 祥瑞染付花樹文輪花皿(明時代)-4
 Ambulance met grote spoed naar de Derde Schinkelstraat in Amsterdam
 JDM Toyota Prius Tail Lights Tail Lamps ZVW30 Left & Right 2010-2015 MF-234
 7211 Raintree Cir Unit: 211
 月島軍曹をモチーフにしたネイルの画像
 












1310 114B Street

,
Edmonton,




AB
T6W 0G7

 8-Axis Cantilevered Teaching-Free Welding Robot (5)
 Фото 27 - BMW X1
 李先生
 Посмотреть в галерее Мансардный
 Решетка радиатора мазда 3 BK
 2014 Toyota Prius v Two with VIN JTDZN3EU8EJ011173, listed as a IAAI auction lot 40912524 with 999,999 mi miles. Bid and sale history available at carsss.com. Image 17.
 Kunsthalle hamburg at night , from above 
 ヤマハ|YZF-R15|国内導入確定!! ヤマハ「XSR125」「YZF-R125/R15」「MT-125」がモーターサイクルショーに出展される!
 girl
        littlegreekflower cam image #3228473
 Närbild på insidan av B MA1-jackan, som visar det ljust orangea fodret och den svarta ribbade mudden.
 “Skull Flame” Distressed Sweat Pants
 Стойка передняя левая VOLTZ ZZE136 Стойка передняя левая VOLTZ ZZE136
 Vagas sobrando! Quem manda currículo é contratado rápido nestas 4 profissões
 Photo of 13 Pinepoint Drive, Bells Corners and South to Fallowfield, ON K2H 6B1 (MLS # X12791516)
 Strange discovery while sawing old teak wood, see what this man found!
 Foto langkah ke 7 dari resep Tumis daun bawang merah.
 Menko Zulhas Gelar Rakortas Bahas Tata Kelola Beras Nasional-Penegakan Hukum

━━━━━━

Count every line of the data in which the word "Toyota" appears, and report only the total.

2